Reading time: 5 minutes
One of the fastest ways women choose to become CEOs is by leaving the corporate world and by creating their own enterprises. As such, in one hit they become both founders and CEOs of their new business endeavors. Is, however, being the founder and being the CEO of your own business one and the same thing?  

The answer is no.

The two roles are not one and the same thing.

In fact, an interesting conversation around this topic took place on LinkedIn in May this year when Jason Fried, the co-founder and CEO of 37Signals (former Basecamp) wrote:

“"FOUNDER & CEO" IS KINDA BS. Founder & CEO is a common title, especially in tech. It happens to be my title too. I've come to believe it's an impossible title. You're either CEO, or you're Founder. You can't hold both full-time jobs.”

Fried continues by noting: “The fundamental responsibilities of Founders and CEOs are at odds. Having them mashed up in the same title is as ridiculous as having someone who's a "CTO & Chief Luddite. Why's that? Because a Founder's job is injecting risk into the business. It's flooding it with new ideas, stuff that seems hard to do, ideas that no one else would dare try, placing the kinds of bets that only someone who started the damn thing would be willing to wager. A Founders' job is basically to stay in business by almost always putting it out of business.”

He goes on to add: “A CEO's job? Just about the opposite. It's reducing risk, executing diligently to achieve obvious goals, staying in business at all costs. It's primarily about being conservative, keeping the company's collective cool, and not letting things get out of hand. Just about everything that a Founder isn't doing. A CEO's job is to stay in business by not allowing the company to do anything so stupid that it could go out of business.”

Read the whole post and follow Jason Fried HERE.

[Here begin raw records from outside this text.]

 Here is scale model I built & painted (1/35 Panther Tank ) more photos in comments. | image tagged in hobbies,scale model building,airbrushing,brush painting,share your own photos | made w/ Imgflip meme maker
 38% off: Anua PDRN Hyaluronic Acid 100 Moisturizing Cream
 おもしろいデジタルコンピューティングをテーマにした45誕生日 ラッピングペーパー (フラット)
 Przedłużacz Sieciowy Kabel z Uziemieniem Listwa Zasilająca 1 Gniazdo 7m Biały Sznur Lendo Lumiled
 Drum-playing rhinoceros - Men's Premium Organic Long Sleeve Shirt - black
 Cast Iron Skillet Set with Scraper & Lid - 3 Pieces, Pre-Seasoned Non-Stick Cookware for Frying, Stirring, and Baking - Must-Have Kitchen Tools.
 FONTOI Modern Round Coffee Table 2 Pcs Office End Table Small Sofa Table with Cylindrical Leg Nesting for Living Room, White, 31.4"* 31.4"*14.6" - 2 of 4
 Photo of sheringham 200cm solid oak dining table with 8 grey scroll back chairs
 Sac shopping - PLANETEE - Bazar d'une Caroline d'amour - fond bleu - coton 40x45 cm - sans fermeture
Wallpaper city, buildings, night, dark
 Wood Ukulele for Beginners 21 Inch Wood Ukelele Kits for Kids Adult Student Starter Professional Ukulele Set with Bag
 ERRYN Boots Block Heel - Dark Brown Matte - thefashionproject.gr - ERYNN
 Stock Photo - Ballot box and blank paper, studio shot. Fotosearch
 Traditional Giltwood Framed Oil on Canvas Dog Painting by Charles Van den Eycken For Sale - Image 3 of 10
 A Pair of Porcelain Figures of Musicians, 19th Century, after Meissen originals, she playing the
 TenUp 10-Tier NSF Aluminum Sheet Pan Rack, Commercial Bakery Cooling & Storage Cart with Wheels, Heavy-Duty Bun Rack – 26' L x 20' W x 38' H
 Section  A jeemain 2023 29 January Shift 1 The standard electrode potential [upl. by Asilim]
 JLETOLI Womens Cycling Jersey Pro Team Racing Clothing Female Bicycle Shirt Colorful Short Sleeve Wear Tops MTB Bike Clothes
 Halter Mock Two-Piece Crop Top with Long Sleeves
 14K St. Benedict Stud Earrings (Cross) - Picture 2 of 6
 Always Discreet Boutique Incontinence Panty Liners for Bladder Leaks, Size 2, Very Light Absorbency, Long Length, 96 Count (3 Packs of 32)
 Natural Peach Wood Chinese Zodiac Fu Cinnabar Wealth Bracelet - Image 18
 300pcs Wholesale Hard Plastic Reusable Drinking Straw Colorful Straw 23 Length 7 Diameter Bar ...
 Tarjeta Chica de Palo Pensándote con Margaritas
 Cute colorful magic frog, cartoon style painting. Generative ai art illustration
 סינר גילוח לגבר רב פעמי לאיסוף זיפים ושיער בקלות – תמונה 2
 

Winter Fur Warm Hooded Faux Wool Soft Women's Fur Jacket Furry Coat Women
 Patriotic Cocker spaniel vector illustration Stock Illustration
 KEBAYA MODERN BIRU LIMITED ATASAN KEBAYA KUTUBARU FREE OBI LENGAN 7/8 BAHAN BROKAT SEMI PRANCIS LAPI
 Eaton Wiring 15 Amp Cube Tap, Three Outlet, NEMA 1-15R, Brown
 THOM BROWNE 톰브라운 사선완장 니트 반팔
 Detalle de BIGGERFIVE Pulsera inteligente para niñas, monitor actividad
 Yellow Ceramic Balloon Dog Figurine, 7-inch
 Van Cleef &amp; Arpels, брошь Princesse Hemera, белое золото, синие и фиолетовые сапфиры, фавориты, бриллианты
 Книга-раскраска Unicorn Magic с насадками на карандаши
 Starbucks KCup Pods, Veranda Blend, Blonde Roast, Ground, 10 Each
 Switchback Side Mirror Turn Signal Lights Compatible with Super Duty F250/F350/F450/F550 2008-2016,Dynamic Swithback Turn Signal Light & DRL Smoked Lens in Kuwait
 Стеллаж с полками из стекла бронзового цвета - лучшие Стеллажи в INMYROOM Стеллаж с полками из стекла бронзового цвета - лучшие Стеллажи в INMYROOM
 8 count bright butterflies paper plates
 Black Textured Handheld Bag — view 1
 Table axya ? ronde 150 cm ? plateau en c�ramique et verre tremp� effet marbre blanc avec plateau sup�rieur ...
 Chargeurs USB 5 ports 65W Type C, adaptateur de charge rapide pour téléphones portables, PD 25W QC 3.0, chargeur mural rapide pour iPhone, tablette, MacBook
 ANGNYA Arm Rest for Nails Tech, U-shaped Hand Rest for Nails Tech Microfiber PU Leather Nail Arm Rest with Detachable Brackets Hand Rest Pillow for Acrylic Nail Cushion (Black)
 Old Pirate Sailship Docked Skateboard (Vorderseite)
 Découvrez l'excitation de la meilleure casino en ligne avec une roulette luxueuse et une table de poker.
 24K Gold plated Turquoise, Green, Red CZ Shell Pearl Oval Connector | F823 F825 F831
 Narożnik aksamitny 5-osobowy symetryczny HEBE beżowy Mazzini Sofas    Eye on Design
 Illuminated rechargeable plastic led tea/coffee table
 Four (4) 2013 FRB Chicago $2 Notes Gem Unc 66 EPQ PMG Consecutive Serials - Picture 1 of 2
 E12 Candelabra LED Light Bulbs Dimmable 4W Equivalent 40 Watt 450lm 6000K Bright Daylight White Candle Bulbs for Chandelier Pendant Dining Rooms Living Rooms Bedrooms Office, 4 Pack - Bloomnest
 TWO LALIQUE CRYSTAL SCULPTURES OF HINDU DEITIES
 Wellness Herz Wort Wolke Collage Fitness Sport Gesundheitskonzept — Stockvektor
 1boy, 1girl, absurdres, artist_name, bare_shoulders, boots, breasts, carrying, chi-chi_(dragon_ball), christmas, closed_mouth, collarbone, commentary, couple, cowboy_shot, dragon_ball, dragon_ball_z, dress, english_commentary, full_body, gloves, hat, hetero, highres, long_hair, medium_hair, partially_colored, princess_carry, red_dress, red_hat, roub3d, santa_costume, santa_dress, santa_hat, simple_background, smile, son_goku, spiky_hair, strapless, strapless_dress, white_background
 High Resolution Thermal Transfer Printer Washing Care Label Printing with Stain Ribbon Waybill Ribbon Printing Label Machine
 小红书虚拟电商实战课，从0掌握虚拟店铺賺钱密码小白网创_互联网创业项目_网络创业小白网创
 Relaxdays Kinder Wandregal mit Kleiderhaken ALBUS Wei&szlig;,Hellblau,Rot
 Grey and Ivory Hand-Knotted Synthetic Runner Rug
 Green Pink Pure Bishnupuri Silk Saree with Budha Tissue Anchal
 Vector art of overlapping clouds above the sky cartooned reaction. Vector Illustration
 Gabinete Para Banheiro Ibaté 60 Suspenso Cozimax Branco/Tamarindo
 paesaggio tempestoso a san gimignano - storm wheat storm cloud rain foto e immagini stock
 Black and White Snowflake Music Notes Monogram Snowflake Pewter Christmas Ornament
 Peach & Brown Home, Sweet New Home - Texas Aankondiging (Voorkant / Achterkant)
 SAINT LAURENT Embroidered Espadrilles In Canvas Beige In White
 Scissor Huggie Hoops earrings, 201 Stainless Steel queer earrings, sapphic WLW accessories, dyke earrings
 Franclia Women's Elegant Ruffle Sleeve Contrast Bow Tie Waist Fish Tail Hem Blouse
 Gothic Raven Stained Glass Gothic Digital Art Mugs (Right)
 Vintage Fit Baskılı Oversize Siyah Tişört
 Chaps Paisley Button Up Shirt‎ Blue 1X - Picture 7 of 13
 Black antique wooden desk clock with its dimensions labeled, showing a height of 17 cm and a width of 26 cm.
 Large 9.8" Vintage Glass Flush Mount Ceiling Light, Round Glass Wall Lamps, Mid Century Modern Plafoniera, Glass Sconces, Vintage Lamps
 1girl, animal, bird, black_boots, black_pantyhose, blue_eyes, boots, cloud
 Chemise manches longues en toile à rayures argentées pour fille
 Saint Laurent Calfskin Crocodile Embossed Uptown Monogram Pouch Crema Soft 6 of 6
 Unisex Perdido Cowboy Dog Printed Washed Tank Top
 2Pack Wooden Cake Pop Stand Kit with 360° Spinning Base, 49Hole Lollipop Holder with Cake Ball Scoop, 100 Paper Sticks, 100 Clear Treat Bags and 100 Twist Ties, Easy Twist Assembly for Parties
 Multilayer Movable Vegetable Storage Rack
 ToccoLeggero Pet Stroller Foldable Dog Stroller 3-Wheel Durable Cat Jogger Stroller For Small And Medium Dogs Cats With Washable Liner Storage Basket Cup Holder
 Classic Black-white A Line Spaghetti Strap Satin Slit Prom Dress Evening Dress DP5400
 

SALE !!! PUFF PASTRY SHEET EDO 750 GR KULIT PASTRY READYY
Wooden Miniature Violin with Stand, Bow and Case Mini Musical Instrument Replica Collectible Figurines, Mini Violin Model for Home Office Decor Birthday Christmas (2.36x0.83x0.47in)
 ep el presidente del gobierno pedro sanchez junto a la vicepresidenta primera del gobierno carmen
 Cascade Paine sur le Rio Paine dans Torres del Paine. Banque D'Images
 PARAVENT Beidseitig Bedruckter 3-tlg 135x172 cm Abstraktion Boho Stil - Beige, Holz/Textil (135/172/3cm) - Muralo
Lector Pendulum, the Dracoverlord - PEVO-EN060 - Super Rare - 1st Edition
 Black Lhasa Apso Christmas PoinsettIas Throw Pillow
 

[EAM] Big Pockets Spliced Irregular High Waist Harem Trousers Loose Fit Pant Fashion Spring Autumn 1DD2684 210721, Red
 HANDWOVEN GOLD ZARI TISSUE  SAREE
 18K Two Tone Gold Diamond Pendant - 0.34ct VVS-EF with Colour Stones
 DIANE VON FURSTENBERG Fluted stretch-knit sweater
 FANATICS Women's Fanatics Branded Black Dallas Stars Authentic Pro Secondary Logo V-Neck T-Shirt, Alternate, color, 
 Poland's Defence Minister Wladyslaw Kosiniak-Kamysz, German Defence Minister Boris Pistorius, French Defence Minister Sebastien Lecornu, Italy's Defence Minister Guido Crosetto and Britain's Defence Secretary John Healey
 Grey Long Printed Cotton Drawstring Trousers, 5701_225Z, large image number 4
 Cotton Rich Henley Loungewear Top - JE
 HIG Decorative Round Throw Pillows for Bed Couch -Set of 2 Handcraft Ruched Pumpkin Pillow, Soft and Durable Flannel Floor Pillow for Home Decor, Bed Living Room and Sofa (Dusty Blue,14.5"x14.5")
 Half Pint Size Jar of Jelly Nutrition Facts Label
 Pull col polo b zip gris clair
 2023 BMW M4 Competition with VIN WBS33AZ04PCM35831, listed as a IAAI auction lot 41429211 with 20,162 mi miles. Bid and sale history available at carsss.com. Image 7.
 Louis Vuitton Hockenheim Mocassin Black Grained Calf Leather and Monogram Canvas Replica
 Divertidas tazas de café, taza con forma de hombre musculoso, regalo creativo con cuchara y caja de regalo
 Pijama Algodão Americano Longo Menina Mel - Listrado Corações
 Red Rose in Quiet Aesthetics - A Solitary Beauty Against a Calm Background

To a certain extent I tend to agree with Jason Fried – after all, he speaks from experience and he and his company are at the forefront of what is possible in the new world of work.

But here is what I believe it’s essential we understand: the deep, personal relationship a CEO who is also a founder will ALWAYS have with their company.

In my view, the critical distinction between the two roles is the following:

  1. As the founder you are almost like the father. You bring in the initial spark – the seed, the idea, the brilliant insight into what the market might need and could be willing to buy from you. You also need to bring in the almost crazy, adventurous energy of new beginnings, the courage to go ask people if they could be interested in your idea, the courage to be rejected, the conviction that will secure your next funding etc. Essentially, as the founder you live and breathe for the mission and the vision of the company.
  2. As the CEO you are like the mom who makes sure there is bread on the table for dinner. In a way, you need to be way more discerning when you are the CEO. Not every idea you have (or someone in your company has) is worth pursuing. Not every initiative is worth funding. From this role you are the master resource allocator, and this includes your time, focus, energy, money etc.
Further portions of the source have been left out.